* _WORK REQUEST_:
Your answer must be an exact copy of the listing that follows, with all pictures omitted.

* _DATA SUPPLIED_:
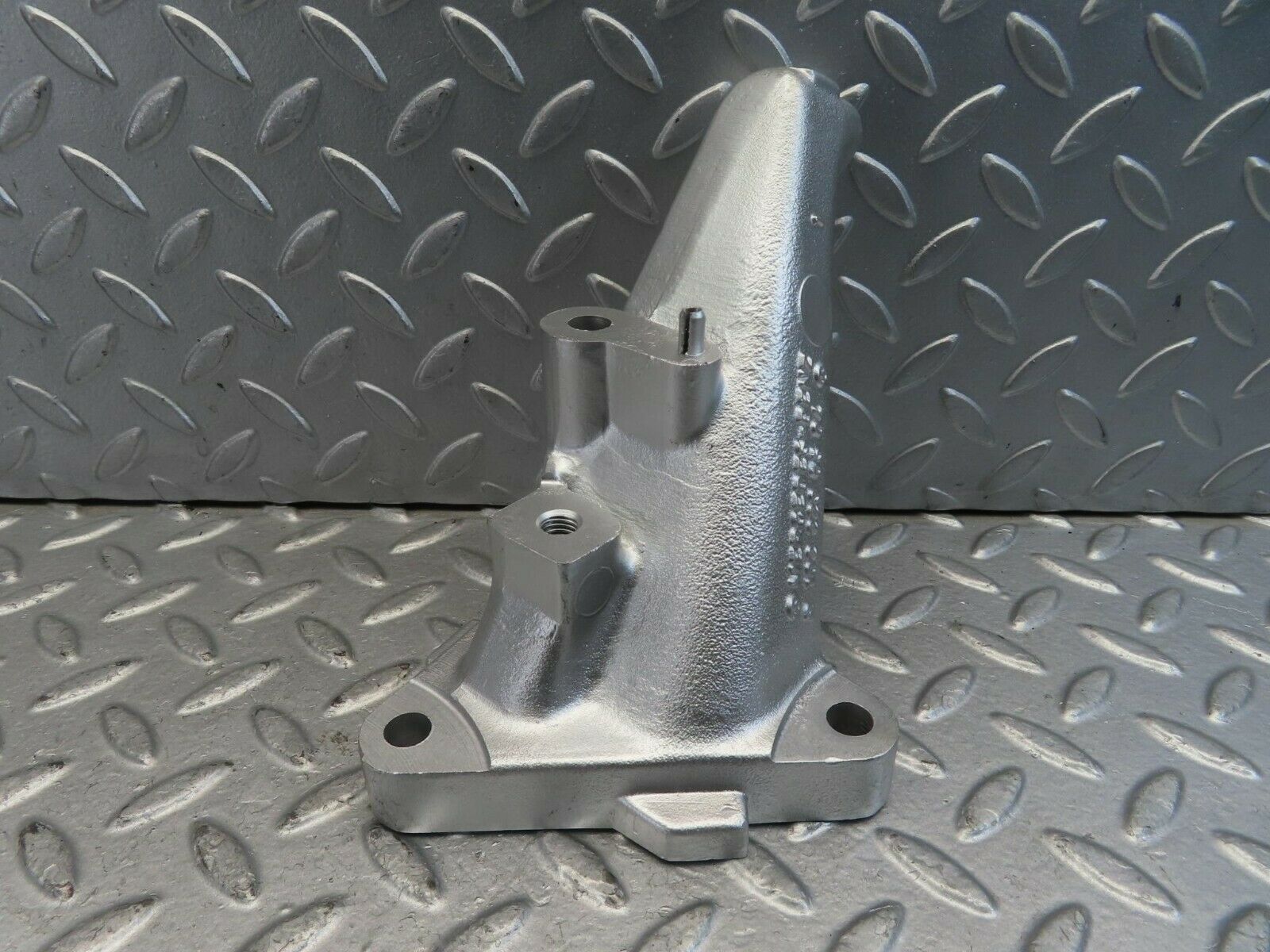 11474 Mercedes-Benz C123 230CE Coupe Engine Mount Bracket Left Side 1022230504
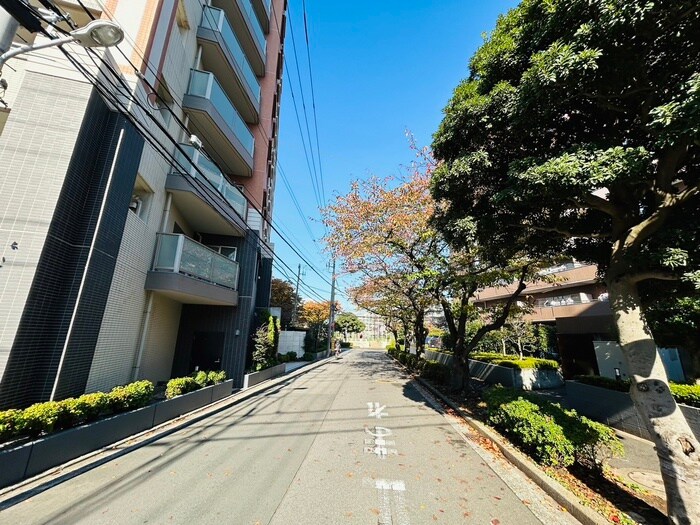 物件外観写真3　(周辺環境)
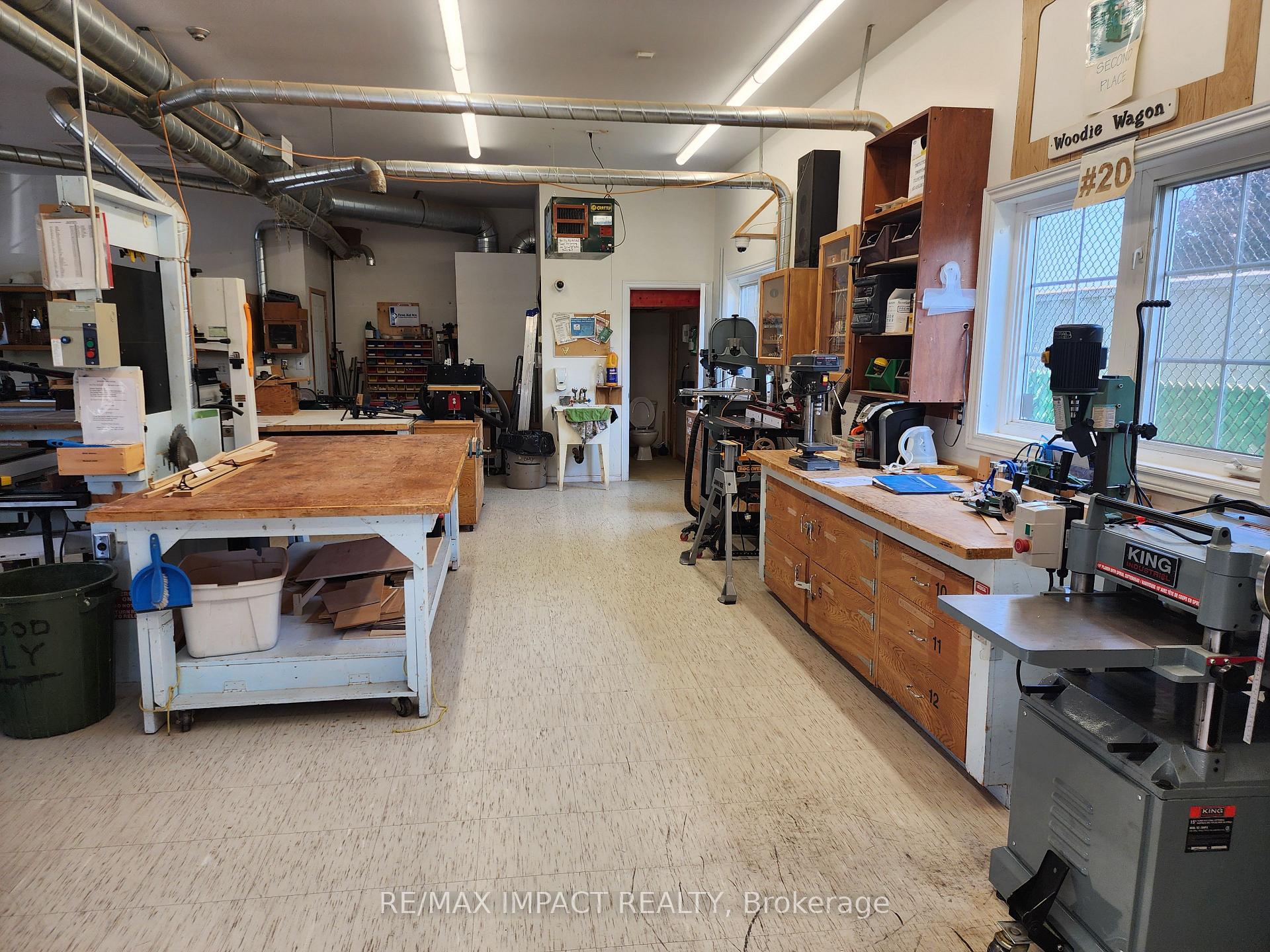 Photo 44 of 4 Champlain Court, Clarington, Newcastle — HOMEH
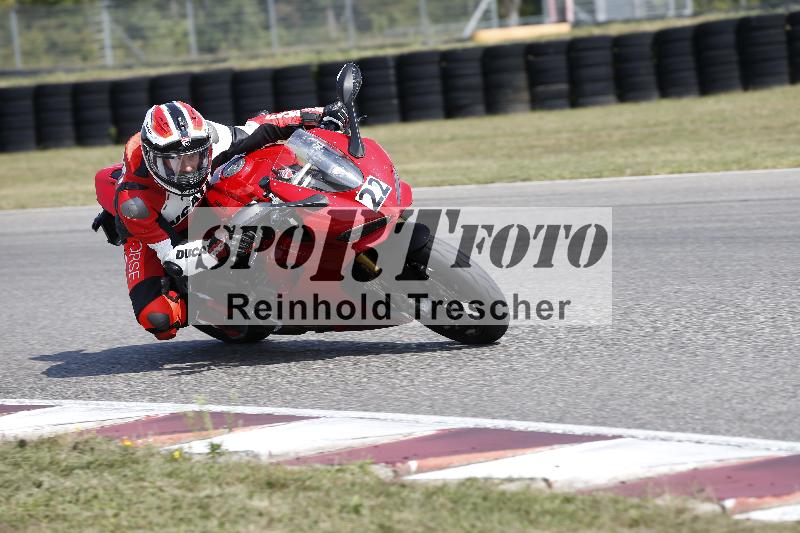 Archiv-2025/49 26.08.2025 Cornu Master School ADR/gruen-vert/22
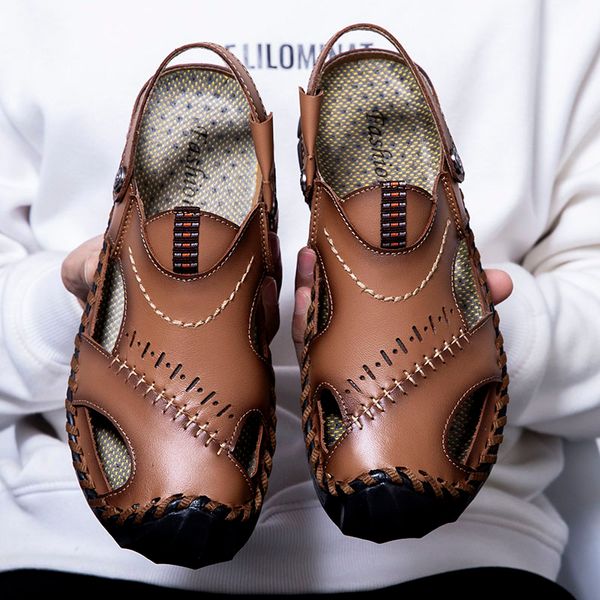 

2020 summer new men's sandals and slippers dual-use leather baotou driving leather sandals beach shoes non-slip outdoor, Black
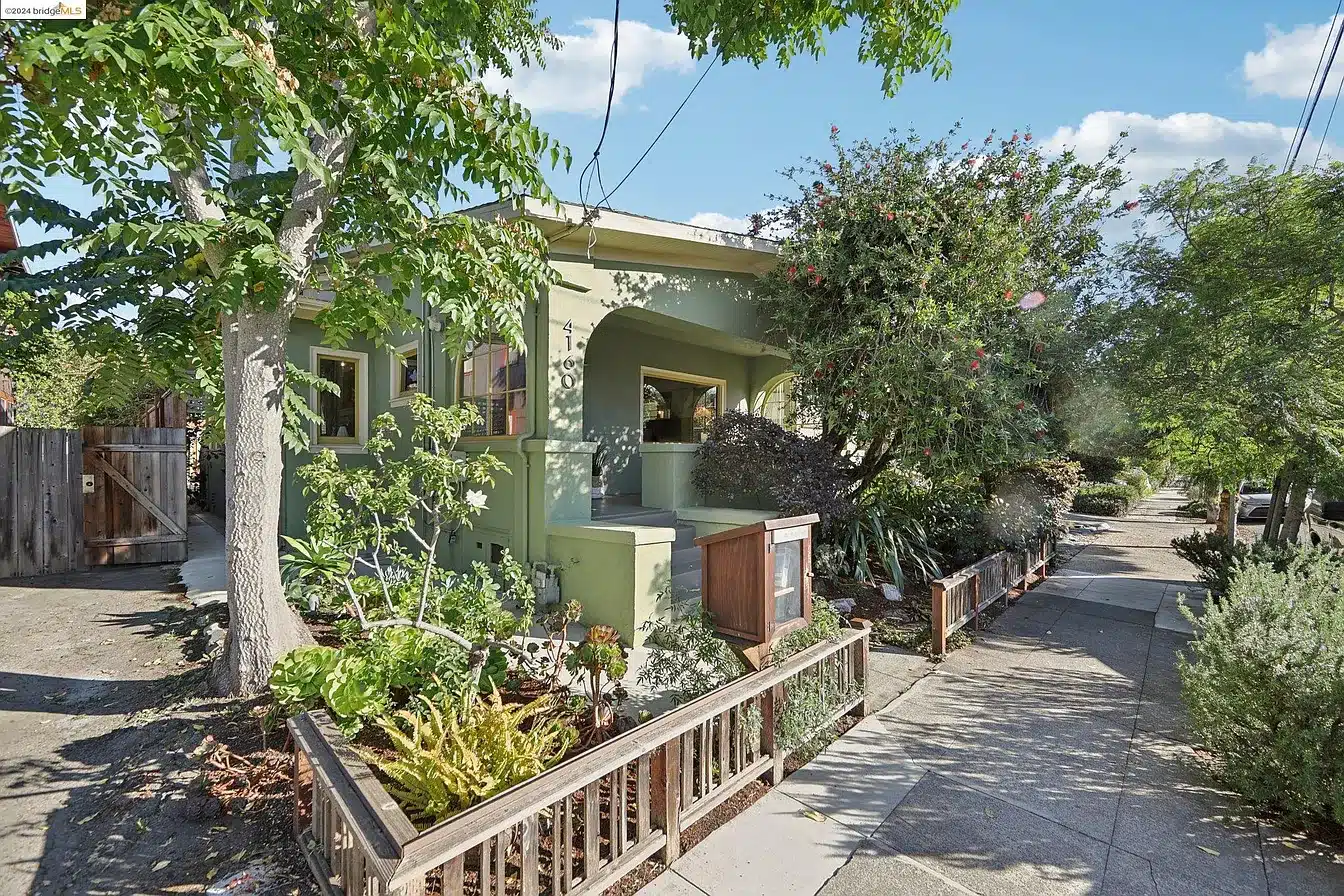 1916 Bungalow For Sale In Oakland California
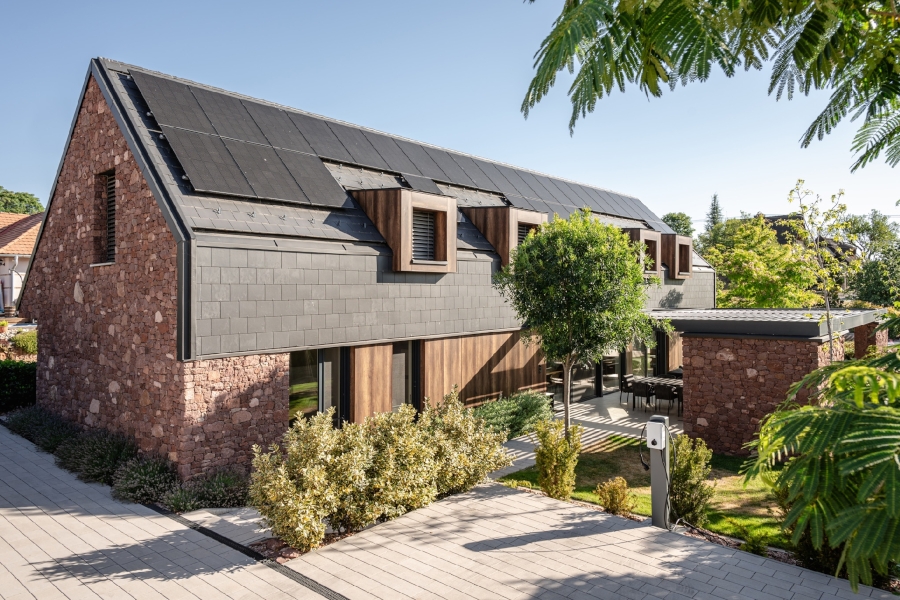 Homlokzatra átforduló Swisspearl palafedés egy Balaton-felvidéki, többgenerációs nyaralón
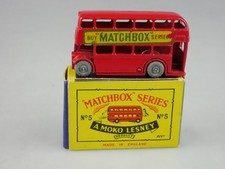 05b Double Decker London Bus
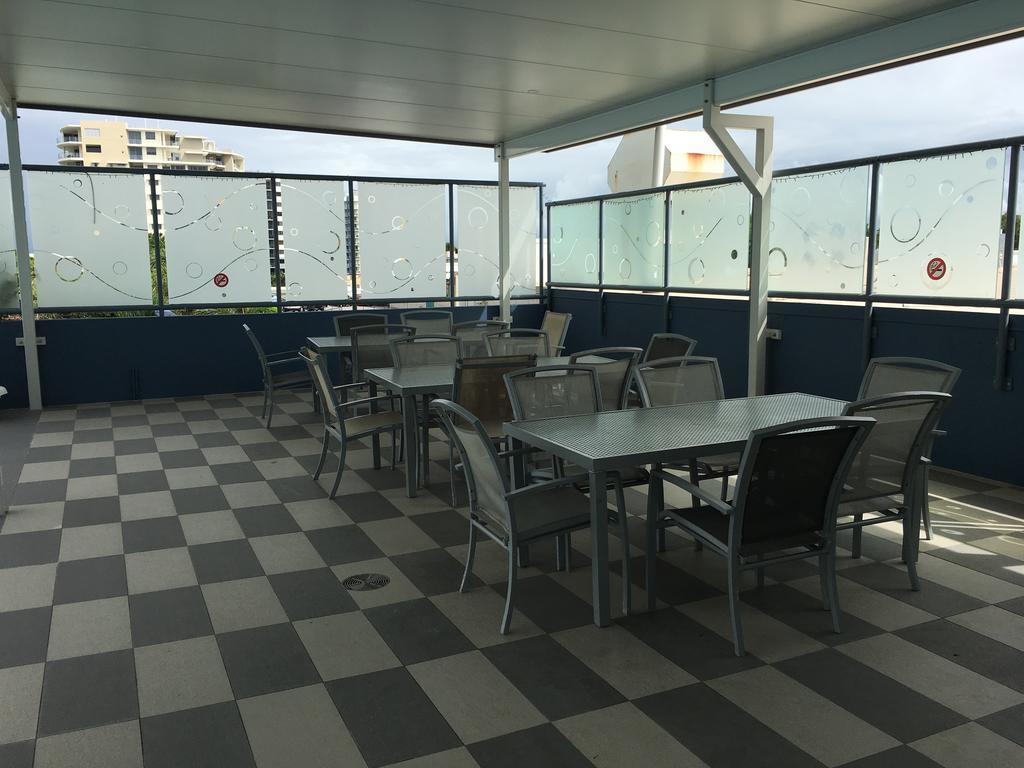 Centrepoint Apartments Калаундра Экстерьер фото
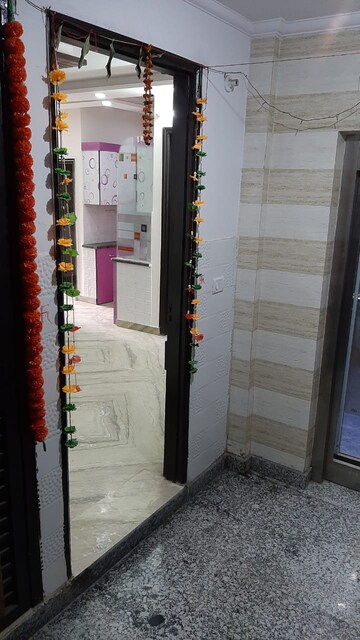 रेसिडेंशियल फ्लैट वर्ग फुट फॉर रेंट इन द्वारका मोर दिल्ली  7637220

* _SOLVED PROBLEM_:
 11474 Mercedes-Benz C123 230CE Coupe Engine Mount Bracket Left Side 1022230504
 物件外観写真3　(周辺環境)
 Photo 44 of 4 Champlain Court, Clarington, Newcastle — HOMEH
 Archiv-2025/49 26.08.2025 Cornu Master School ADR/gruen-vert/22

2020 summer new men's sandals and slippers dual-use leather baotou driving leather sandals beach shoes non-slip outdoor, Black
 1916 Bungalow For Sale In Oakland California
 Homlokzatra átforduló Swisspearl palafedés egy Balaton-felvidéki, többgenerációs nyaralón
 05b Double Decker London Bus
 Centrepoint Apartments Калаундра Экстерьер фото
 रेसिडेंशियल फ्लैट वर्ग फुट फॉर रेंट इन द्वारका मोर दिल्ली  7637220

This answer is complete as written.